Auch Michelmayr betont in seiner Besprechung gerade dieser Entscheidung in JBl 1954, 568, daß damit der OGH keinesfalls vom Grundsatz der Akzessorietät des Kostenersatzanspruches abgegangen ist, sondern vielmehr die Verselbständigung der Kostenforderung als Folge der Aufhebung der Akzessorietät ebenfalls tragendes Element dieser Entscheidung ist.

Daß jedoch dann, wenn die Abhängigkeit des Nebenanspruches vom Hauptanspruch etwa durch Anerkenntnis, Vergleich, etc. aufgehoben worden ist, der Anspruch selbständig einklagbar wird, entspricht auch der Judikatur des Rekursgerichtes (vgl. hg. 54 R 497/96v).

Wenn nun aber nicht jede privatrechtliche Vereinbarung den öffentlich-rechtlichen Charakter des Kostenersatzanspruches aufhebt, sondern nur eine solche, mit welcher ein bereits bestehender Zusammenhang zur Hauptsache gelöst wurde, dann kann es aber auch nicht genügen, wenn sich ein Kläger in seinem Vorbringen lediglich darauf beruft, daß sich die beklagte Partei verpflichtet habe, die Inkassokosten aufgrund der vereinbarten Bestell- und Lieferbedingungen zu ersetzen, weil damit nämlich noch keinesfalls die Auflösung des Zusammenhanges zwischen Haupt- und Nebenanspruch schlüssig dargetan wird. Erst wenn konkret vorgebracht werden kann, daß mit der Vereinbarung, auf die sich die klagende Partei beruft, der Annex der Nebensache zur Hauptsache gelöst worden ist (z.
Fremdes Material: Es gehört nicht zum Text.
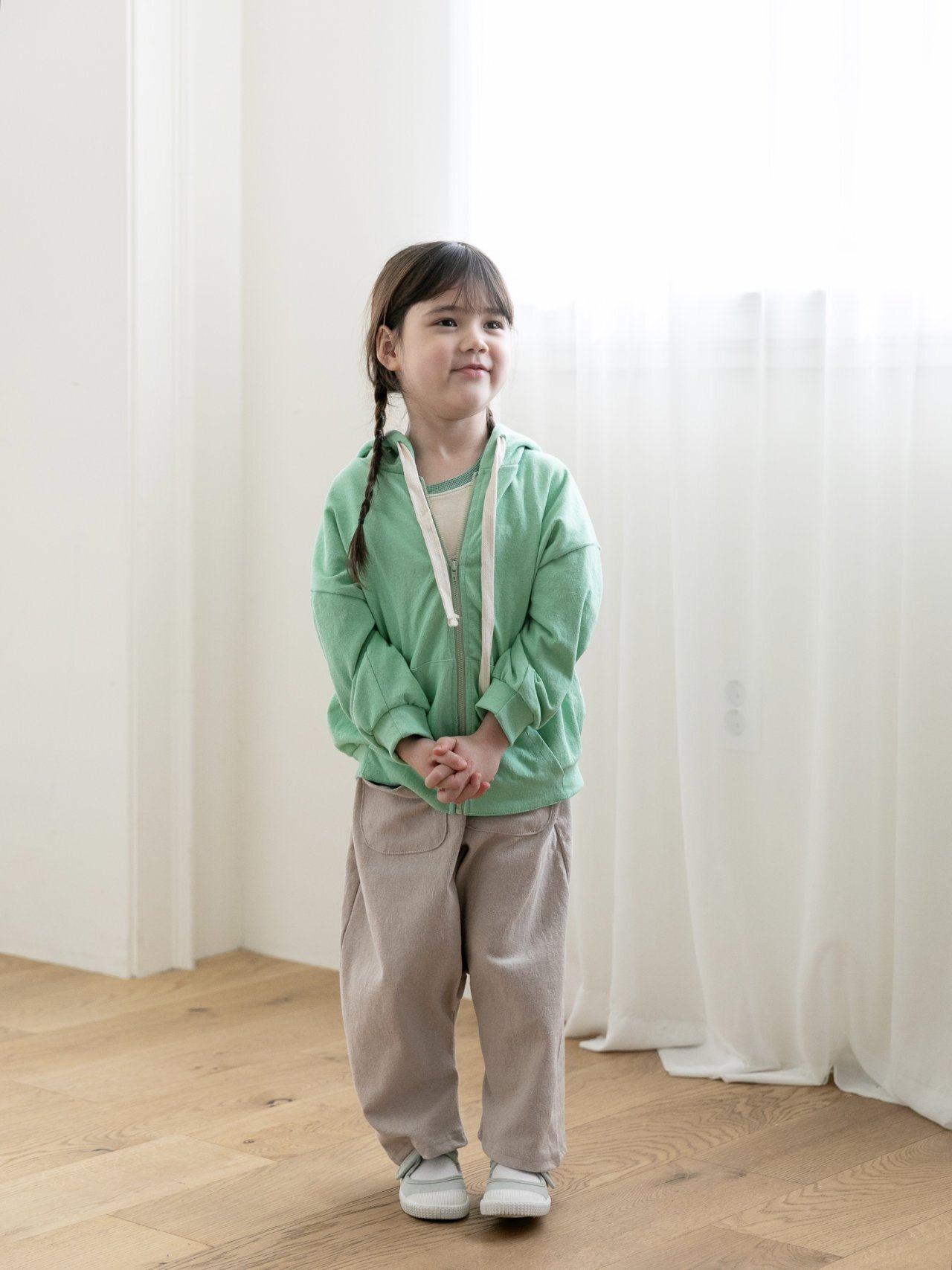 _gY6ec8.FLJDu5O4FnA_1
B., weil eben bereits entstandene vorprozessuale Kosten verglichen worden sind: SZ 27/115 = JBl 1954/568) kann der Anspruch auch im ordentlichen Rechtsweg als Hauptsache geltend gemacht werden.
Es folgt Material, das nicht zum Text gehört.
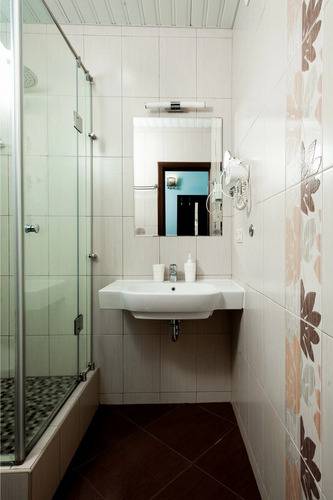 Алтай — фото 3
Es besteht daher nach nochmaliger eingehender Prüfung der vom Rekurs aufgeworfenen Fragen unter Rückgriff auf den Volltext des Judikates 3 Ob 264/54 kein Grund, von der ständigen Judikatur des Rekursgerichtes oder auch der Rechtsprechung des Landesgerichtes für Zivilrechtssachen in Wien (36 R 557/96w u.v.a.) abzuweichen.

Da die klagende Partei nicht, und schon gar nicht in der erforderlichen Schlüssigkeit, vorgebracht hat, daß mit der privatrechtlichen Vereinbarung auch der Zusammenhang der Nebenforderung mit dem Hauptanspruch gelöst worden wäre, steht der selbständigen Geltendmachung der vorprozessualen Betreibungskosten die Unzulässigkeit des Rechtsweges entgegen, weshalb das Erstgericht zu Recht die Klage zurückgewiesen hat.

Die Erfolglosigkeit des Rekurses führt dazu, daß die klagende Partei ihre Rekurskosten selbst zu tragen hat (§§ 40 und 50 ZPO).

Ein weiterer Rechtszug ist § 528 Abs. 1 Z 1, 2 und 3 ZPO ausgeschlossen.